Adolphe Christiani's 1885 Table

Among the things that grew tiresome and predictable to me while a conservatory student were the inevitable conversations about a performer having “fingers, but no musicality,” or “musicality, but no technique” after attending a performance. I certainly participated in these discussion as a young student, but after a while I stopped. Why do we have to reduce things to either/or? The human mind is more complex than that.

It was years later that I read what Blaise Pascal (1623-1662) called l’espirit geometrique and l’espirit de finesse, sometimes translated as the “mathematical” and “intuitive” minds. I blogged about this in 2009 over at Pristine Madness. To revisit what I wrote then: “the former is a way of thinking that deals with exact definitions and mathematical and scientific abstractions; the latter deals with intuition and ideas and perceptions that cannot be subject to exact measurement. Truths of different natures are to be found by each.”

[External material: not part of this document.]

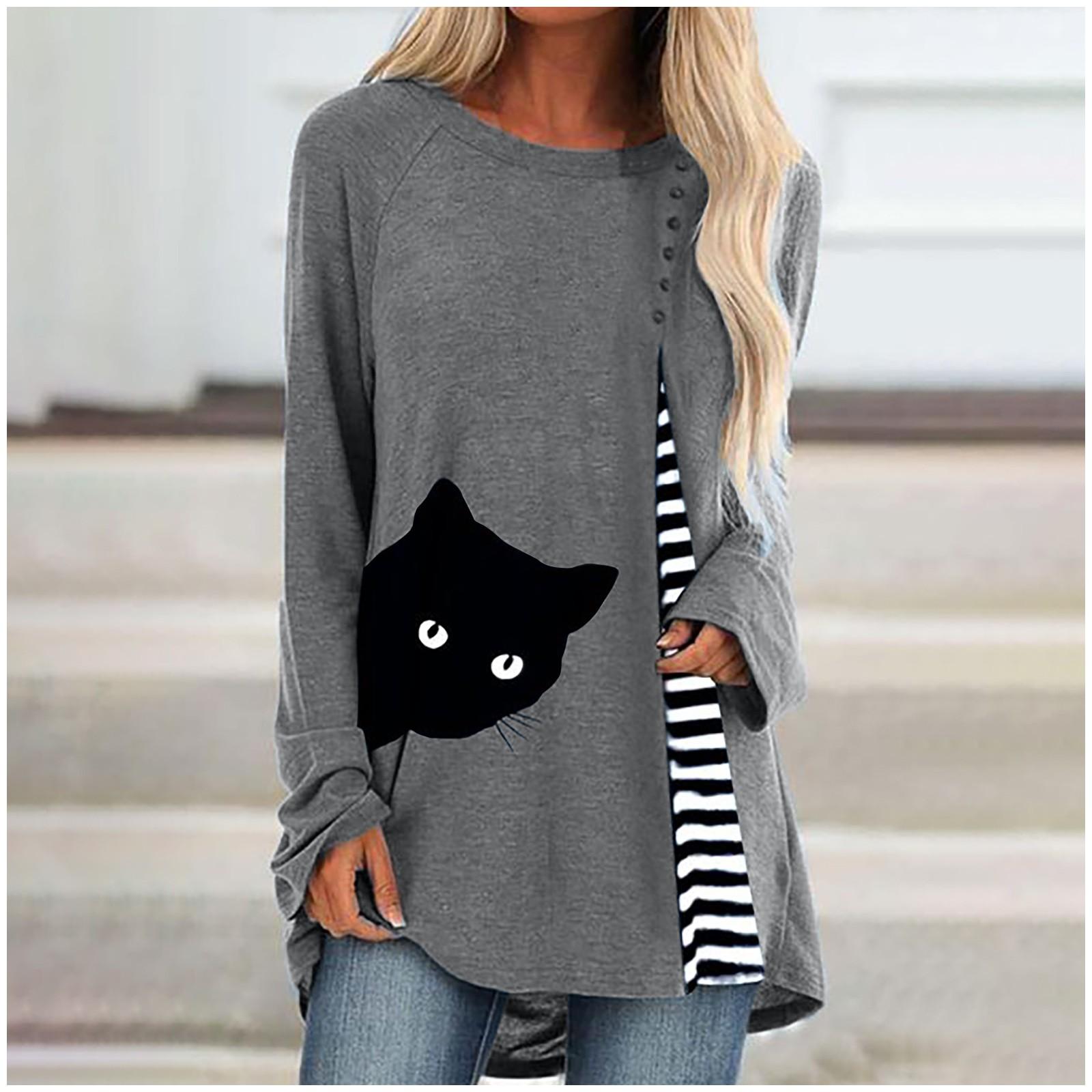 

2020 новая модная женская клетчатая рубашка в полоску с длинным рукавом и принтом кота M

But the most important thing about this—to me, at least—is, as the late Jacques Barzun succinctly put it in From Dawn to Decadence, it is possible for a well-trained mind to “think like Euclid and like Walt Whitman.” For me, this eradicated the right brain-left brain dichotomy, which I view as the illegitimate heir and pretender to Pascal’s ideas.

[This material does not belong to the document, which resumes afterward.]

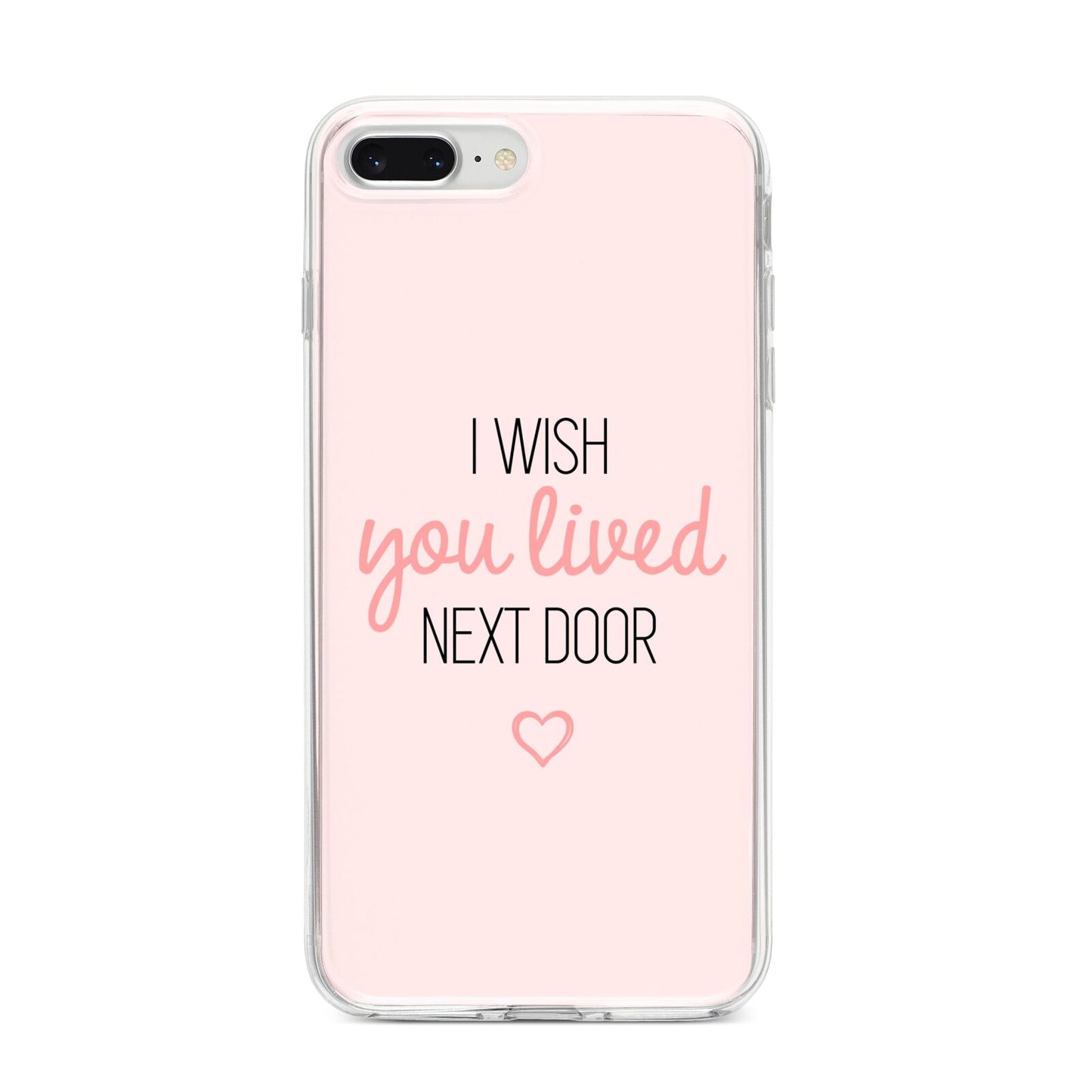 Pink Wish You Were Here iPhone 8 Plus Bumper Case on Silver iPhone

Those youthful conservatory conversations might have been more productive and interesting had they centered around why one performer seemed more interested in technical exhibition, while the technique of another couldn’t always meet the demands of one’s musical imagination. These are among the problems that high-level teachers seek to help students solve: the integration of necessary and complementary components into an artistic whole. But teachers can also become stuck in one way of viewing their work.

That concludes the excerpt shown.